How Traditional Tools Do It

The XSLT Approach

In Tibco BW, SAP CPI, and Azure Logic Apps, the workflow is:

  1. Load source XSD (XML Schema)

  2. Load target XSD

  3. Draw mapping lines between elements in a visual mapper

  4. The tool generates an XSLT stylesheet

  5. Runtime: XML input → XSLT processor → XML output

XML transformation phases — Design time: XSD schemas define input/output contracts, XSLT maps between them. Init time: XSLT compiled and cached. Runtime: XML parsed, XSLT applied, XML produced. This model works — but only for XML.

This works well for XML-to-XML transformations. The problem is: what about JSON?

The JSON Problem

Most modern APIs use JSON. But the mapping tools above only understand XSD (XML schemas). So they do this:

  1. JSON arrives

  2. Convert JSON to XML (using an internal XML "infoset" representation)

  3. Load the source XSD (generated from JSON Schema or inferred)

  4. Apply XSLT transformation

  5. XML output

  6. Convert XML back to JSON

JSON transformation phases — no standard equivalent to XSLT exists. jq and JSONata fill parts of the gap but have no native schema binding, no cached validators, and no type system. Each tool re-invents the wheel.

Four conversion steps. Two of them lossy:

JSON → XML is lossy: JSON has typed values (numbers, booleans). XML has only text. JSON arrays have no element names. JSON has no attributes. These semantic gaps mean the conversion is an approximation, not an equivalence.

XML → JSON is lossy: XML attributes have no JSON equivalent. Single vs repeated elements (object vs array) is ambiguous. Namespace prefixes are stripped or mangled.

This anti-pattern is not theoretical — it's how Azure Logic Apps' Data Mapper, SAP CPI's Message Mapping, and Tibco BW work today. MuleSoft's DataWeave is the notable exception — it's format-agnostic, like UTL-X.

The UTL-X Approach

UTL-X doesn't convert between formats before mapping. The transformation operates on the UDM (Universal Data Model), which represents all formats natively:

UTL-X transformation phases — one processor, all formats. Design time: any format declared, schemas optional. Init time: script compiled to typed AST, UDM models and validators cached. Runtime: parse any input, apply compiled UTL-X, validate and render to any output format.

  • JSON input: parsed directly to UDM (lossless)

  • XML input: parsed directly to UDM (attributes and namespaces preserved)

  • CSV input: parsed directly to UDM (rows become objects)

  • No intermediate XML. No XSLT. No lost types.

The schema mapping is format-agnostic too.
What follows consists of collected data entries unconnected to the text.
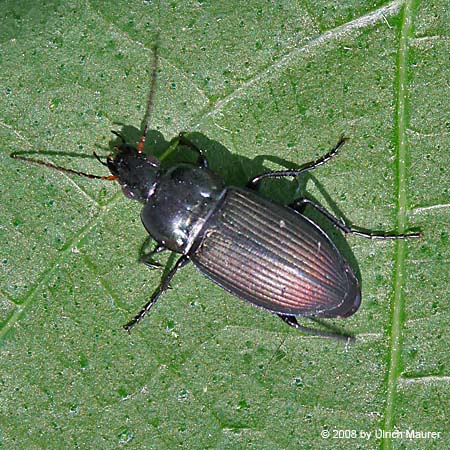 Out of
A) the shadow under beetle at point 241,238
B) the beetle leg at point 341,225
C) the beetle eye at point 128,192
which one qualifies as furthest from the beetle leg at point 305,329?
the beetle eye at point 128,192

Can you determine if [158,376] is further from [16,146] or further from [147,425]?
[16,146]

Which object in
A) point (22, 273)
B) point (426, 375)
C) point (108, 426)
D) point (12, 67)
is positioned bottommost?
point (426, 375)

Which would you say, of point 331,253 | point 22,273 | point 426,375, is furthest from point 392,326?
point 22,273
You can map from a JSON Schema to an XSD-defined structure — UTL-X handles the format differences in parsing and serialization, not in the mapping logic.

Tier 1: Instance Data Mapping

Instance data mapping is what most people think of when they hear "transformation": converting actual data from one structure to another.

Every Data Format Has an Accompanying Schema Format

Data Format (Tier 1)Schema Format (Tier 2)Standard
JSONJSON SchemaIETF drafts (04 through 2020-12)
XMLXSDW3C XML Schema Definition
CSVTable Schema (TSCH)Frictionless Data
YAMLJSON SchemaShared with JSON
ODataEDMX / CSDL (OSCH)OASIS OData

The schema describes the structure of the data. UTL-X can validate input and output against these schemas. The transformation maps between instances (actual data), guided by the schemas.

Common Instance Mapping Scenarios

  • JSON → JSON: REST API v1 response → REST API v2 request

  • XML → JSON: SOAP response → REST API request

  • CSV → XML: bank statement → SEPA payment instruction (pain.001)

  • JSON → CSV: API data → Excel-compatible report

  • XML → XML: UBL invoice → country-specific tax format

  • OData → JSON: Dynamics 365 data → internal canonical model

In every case, UTL-X handles the format conversion automatically. You focus on the field mapping — which field goes where, what calculations are needed, what conditions apply.

Tier 2: Metadata Mapping (Schema-to-Schema)

This is where UTL-X is unique: it can transform schemas themselves, not just data instances.

Why Metadata Mapping Is Powerful

Imagine you have an XSD for your XML API, but your new consumer needs a JSON Schema for their OpenAPI specification. Traditionally, you'd manually recreate the schema — tedious, error-prone, and impossible to keep synchronized.

With UTL-X, you transform the schema:

utlx
%utlx 1.0
input xsd
output jsch
---
$input

The XSD is parsed as structured data (it's XML, after all). The JSON Schema is produced by the JSCH serializer. Types, constraints, and structure are mapped automatically.

The Full Schema-to-Schema Matrix

UTL-X supports conversion between all Tier 2 schema formats:

From / ToXSDJSCHAvroProtoOSCHTSCH
XSDYesYesYesYesYes
JSCHYesYesYesYesYes
AvroYesYesYesPartialYes
ProtoYesYesYesPartialYes
OSCHYesYesPartialPartialYes
TSCHYesYesYesYesYes

"Partial" means some semantic concepts don't map perfectly between formats (e.g., OData navigation properties have no direct Avro equivalent). The conversion preserves what it can and documents what it can't.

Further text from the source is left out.